▸ **LISTED RECORDS**
··········
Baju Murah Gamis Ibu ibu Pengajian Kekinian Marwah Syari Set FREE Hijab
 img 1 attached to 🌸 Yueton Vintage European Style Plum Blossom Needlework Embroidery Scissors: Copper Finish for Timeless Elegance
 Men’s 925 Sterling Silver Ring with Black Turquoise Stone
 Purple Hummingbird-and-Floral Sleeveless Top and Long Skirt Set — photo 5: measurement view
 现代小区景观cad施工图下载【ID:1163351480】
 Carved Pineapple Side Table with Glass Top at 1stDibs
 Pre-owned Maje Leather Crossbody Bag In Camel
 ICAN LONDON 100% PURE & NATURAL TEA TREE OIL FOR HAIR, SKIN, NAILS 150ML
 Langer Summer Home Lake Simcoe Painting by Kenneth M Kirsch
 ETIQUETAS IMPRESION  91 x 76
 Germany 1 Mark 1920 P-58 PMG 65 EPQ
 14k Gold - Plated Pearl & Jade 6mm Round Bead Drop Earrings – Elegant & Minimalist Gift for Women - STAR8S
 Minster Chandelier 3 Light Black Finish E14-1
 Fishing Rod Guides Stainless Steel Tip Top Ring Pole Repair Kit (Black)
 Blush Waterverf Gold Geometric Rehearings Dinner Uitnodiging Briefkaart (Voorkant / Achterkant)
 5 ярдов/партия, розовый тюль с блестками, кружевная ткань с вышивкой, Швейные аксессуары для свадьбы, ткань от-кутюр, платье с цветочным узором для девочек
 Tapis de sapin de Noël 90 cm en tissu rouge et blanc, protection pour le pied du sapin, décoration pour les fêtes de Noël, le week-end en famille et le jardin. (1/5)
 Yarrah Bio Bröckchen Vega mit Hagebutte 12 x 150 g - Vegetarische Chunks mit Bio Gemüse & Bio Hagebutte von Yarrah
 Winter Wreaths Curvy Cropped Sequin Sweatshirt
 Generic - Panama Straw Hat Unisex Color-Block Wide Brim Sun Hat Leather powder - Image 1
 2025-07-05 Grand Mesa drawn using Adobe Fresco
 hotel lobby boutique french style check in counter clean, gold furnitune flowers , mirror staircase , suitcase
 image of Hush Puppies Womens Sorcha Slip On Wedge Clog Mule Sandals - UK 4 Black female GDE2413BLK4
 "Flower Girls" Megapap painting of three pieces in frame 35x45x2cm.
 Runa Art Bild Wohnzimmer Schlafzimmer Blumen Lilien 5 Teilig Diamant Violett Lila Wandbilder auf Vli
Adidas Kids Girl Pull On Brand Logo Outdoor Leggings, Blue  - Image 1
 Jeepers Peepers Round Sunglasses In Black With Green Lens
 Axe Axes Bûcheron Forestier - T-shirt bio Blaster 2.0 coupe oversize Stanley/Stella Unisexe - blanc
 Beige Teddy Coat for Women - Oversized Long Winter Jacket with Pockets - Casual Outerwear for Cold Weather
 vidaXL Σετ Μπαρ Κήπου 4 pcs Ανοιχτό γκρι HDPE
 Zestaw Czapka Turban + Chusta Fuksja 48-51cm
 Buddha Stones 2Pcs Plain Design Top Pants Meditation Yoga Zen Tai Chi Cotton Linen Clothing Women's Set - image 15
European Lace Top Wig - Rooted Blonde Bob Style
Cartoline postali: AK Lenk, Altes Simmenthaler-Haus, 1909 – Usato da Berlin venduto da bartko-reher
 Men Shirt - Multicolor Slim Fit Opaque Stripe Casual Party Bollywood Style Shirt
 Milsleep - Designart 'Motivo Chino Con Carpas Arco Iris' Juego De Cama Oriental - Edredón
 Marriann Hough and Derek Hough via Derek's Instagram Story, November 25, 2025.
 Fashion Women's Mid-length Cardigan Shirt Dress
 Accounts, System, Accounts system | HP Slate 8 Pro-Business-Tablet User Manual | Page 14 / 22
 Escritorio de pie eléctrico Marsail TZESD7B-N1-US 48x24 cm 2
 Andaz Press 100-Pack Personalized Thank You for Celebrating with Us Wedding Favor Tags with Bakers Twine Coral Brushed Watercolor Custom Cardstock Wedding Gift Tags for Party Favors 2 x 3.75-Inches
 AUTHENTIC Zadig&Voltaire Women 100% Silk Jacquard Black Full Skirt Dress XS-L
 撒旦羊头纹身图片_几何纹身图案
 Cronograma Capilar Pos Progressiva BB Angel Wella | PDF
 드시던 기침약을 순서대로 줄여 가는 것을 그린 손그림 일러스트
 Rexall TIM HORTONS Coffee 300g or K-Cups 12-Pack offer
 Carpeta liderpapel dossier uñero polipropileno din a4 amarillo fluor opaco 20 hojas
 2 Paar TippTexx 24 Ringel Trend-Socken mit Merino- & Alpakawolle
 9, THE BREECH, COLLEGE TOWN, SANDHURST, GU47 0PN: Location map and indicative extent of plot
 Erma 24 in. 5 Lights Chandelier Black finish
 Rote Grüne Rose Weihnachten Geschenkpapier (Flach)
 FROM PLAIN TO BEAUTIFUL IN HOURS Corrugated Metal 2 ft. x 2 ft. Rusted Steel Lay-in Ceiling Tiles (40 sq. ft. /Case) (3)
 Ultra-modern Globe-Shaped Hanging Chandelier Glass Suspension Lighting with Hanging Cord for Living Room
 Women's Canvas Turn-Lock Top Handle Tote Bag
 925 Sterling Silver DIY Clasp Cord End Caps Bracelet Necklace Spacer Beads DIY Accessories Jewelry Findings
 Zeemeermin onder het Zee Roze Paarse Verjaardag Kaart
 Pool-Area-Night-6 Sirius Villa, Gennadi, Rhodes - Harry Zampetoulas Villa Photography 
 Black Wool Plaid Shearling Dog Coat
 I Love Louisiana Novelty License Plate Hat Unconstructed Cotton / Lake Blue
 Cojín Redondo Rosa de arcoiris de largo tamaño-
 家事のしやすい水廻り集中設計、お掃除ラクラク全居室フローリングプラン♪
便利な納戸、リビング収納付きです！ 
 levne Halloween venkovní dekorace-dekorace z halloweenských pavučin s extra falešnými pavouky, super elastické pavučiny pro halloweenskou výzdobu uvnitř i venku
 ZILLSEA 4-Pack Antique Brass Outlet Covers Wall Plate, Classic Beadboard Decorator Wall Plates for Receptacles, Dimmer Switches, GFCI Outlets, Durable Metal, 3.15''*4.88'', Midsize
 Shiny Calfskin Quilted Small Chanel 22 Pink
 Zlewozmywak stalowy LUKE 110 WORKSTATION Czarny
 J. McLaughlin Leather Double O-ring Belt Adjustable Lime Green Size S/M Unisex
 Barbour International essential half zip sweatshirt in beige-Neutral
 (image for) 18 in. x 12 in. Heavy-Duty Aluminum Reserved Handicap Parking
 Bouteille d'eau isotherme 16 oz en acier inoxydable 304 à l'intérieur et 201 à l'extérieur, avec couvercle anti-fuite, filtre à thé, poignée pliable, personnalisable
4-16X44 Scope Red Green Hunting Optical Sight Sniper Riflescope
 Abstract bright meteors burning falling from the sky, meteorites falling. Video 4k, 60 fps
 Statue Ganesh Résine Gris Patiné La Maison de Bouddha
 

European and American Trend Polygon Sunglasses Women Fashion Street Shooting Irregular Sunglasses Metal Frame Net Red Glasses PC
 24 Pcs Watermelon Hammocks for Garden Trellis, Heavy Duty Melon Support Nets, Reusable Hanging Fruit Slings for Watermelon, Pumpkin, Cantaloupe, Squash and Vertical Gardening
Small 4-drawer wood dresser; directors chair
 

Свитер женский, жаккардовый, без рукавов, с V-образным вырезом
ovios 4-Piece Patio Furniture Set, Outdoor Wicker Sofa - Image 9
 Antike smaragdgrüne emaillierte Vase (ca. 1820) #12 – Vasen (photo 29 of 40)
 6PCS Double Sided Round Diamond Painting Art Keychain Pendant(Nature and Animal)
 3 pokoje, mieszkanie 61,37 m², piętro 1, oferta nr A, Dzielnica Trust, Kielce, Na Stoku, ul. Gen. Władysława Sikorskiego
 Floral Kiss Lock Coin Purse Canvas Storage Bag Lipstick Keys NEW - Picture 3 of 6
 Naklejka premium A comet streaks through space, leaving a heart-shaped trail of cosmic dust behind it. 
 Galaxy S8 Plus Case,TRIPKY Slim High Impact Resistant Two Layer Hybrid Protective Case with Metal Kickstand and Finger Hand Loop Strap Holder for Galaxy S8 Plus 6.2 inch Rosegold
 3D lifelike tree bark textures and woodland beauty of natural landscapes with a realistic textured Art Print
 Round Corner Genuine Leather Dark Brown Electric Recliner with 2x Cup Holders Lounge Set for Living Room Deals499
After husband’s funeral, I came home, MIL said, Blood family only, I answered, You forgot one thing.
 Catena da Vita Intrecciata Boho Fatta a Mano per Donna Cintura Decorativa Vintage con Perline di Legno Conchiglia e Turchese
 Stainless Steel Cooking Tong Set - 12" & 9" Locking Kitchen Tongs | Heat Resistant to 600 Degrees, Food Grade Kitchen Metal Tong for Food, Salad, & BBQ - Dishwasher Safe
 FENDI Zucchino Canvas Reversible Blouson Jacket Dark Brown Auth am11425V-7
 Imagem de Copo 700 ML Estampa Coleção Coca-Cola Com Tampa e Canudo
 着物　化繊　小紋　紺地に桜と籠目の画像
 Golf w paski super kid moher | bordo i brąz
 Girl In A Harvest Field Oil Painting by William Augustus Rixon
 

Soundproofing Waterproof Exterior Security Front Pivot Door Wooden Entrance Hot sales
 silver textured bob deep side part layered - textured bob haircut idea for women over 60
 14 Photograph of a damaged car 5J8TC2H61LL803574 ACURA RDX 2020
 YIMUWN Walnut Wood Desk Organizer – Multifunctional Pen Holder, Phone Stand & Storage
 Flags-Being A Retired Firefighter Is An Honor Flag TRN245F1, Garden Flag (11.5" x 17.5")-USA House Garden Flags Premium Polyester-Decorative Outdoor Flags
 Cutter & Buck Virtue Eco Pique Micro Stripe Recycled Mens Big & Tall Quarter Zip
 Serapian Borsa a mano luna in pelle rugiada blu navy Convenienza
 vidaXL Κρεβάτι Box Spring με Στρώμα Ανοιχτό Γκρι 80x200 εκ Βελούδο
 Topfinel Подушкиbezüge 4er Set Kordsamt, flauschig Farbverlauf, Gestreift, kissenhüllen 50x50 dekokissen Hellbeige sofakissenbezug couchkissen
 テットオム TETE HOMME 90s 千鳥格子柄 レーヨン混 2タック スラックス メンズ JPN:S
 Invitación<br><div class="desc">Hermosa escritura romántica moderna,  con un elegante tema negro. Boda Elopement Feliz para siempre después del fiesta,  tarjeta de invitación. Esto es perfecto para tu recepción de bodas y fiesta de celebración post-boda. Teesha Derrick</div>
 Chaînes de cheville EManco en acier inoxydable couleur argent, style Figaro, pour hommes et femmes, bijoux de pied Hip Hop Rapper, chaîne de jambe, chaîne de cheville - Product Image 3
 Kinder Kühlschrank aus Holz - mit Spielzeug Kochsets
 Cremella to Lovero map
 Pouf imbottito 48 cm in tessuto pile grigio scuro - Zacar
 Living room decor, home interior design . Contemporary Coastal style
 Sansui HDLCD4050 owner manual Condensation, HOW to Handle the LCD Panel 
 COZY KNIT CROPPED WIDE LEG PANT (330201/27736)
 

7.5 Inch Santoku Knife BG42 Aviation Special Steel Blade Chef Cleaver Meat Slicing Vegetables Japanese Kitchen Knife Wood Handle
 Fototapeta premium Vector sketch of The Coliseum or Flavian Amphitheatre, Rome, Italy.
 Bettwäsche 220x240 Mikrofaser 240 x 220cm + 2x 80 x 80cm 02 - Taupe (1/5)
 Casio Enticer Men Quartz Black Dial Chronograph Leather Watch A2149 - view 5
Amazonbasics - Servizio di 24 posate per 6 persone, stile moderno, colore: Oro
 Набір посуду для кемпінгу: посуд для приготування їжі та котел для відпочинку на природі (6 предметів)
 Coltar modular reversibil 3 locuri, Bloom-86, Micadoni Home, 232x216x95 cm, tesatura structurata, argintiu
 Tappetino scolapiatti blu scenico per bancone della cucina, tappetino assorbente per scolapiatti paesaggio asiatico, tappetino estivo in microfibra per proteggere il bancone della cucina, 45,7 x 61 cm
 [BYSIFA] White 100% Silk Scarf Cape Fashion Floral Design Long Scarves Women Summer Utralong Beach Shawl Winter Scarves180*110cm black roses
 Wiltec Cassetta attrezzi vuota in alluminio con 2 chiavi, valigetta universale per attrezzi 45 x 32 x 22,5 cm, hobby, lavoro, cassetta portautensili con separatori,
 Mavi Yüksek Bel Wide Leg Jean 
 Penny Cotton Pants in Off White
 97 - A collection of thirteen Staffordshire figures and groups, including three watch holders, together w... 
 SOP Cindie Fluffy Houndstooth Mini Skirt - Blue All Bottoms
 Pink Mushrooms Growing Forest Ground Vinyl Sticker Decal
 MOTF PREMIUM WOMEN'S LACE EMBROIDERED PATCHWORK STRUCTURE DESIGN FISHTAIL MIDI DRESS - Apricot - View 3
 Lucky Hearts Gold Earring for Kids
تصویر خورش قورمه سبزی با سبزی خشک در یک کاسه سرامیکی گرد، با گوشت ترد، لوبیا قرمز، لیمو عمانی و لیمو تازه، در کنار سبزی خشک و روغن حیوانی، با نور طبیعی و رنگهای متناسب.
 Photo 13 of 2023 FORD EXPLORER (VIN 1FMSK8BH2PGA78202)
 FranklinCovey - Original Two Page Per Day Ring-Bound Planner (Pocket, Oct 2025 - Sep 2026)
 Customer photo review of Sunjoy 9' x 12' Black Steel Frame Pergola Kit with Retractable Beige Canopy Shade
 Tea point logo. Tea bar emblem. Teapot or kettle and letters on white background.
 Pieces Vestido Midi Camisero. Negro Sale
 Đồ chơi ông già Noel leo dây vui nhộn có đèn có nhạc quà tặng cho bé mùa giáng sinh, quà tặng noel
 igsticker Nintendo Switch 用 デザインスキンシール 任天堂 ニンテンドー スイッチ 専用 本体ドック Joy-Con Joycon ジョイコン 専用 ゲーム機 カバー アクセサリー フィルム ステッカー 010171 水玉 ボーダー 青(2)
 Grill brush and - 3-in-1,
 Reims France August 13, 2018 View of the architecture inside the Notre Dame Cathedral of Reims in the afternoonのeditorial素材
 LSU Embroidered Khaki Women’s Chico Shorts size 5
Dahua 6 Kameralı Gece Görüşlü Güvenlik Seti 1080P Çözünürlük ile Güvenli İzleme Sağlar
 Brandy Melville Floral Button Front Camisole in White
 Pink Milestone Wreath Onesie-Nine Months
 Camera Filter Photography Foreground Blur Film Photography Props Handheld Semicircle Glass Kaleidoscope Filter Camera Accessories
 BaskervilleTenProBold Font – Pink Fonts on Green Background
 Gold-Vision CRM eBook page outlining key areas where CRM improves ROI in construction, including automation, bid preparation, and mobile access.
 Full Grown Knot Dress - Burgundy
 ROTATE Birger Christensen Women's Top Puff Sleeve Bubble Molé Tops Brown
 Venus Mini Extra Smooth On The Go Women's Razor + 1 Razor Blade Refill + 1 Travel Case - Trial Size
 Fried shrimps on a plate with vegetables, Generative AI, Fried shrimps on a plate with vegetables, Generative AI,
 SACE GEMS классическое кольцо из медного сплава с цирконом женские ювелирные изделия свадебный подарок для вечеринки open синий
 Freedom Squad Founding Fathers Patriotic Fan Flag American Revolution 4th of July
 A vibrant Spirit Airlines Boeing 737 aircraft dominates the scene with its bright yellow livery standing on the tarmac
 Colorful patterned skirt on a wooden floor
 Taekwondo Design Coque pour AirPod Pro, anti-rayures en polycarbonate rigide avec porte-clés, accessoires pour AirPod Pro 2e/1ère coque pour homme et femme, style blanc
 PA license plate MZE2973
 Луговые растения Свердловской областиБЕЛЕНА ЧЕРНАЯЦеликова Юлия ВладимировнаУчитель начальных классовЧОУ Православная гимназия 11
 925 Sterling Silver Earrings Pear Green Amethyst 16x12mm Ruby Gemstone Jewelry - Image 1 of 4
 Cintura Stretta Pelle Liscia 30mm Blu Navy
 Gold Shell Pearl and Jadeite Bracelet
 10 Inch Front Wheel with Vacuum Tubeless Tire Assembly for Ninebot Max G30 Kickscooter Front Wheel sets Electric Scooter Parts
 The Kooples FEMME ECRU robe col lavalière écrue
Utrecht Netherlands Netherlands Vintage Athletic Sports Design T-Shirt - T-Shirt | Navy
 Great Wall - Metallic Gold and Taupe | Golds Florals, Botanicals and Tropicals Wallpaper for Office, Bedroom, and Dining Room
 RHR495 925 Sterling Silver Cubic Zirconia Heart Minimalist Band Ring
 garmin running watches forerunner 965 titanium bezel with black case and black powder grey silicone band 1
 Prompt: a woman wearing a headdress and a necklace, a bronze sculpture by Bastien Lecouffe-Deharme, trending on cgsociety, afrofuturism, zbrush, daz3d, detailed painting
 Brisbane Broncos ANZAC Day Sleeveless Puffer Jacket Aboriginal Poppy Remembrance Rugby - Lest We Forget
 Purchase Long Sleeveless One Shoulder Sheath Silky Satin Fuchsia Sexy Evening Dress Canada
··········
▸ **INSTRUCTIONS FOR THE TASK**
In the listing above, find the line with "SOP Cindie Fluffy" and the line with "Reims France August", then reproduce both and every line between them exactly.

▸ **EXERCISE OUTPUT**
 SOP Cindie Fluffy Houndstooth Mini Skirt - Blue All Bottoms
 Pink Mushrooms Growing Forest Ground Vinyl Sticker Decal
 MOTF PREMIUM WOMEN'S LACE EMBROIDERED PATCHWORK STRUCTURE DESIGN FISHTAIL MIDI DRESS - Apricot - View 3
 Lucky Hearts Gold Earring for Kids
تصویر خورش قورمه سبزی با سبزی خشک در یک کاسه سرامیکی گرد، با گوشت ترد، لوبیا قرمز، لیمو عمانی و لیمو تازه، در کنار سبزی خشک و روغن حیوانی، با نور طبیعی و رنگهای متناسب.
 Photo 13 of 2023 FORD EXPLORER (VIN 1FMSK8BH2PGA78202)
 FranklinCovey - Original Two Page Per Day Ring-Bound Planner (Pocket, Oct 2025 - Sep 2026)
 Customer photo review of Sunjoy 9' x 12' Black Steel Frame Pergola Kit with Retractable Beige Canopy Shade
 Tea point logo. Tea bar emblem. Teapot or kettle and letters on white background.
 Pieces Vestido Midi Camisero. Negro Sale
 Đồ chơi ông già Noel leo dây vui nhộn có đèn có nhạc quà tặng cho bé mùa giáng sinh, quà tặng noel
 igsticker Nintendo Switch 用 デザインスキンシール 任天堂 ニンテンドー スイッチ 専用 本体ドック Joy-Con Joycon ジョイコン 専用 ゲーム機 カバー アクセサリー フィルム ステッカー 010171 水玉 ボーダー 青(2)
 Grill brush and - 3-in-1,
 Reims France August 13, 2018 View of the architecture inside the Notre Dame Cathedral of Reims in the afternoonのeditorial素材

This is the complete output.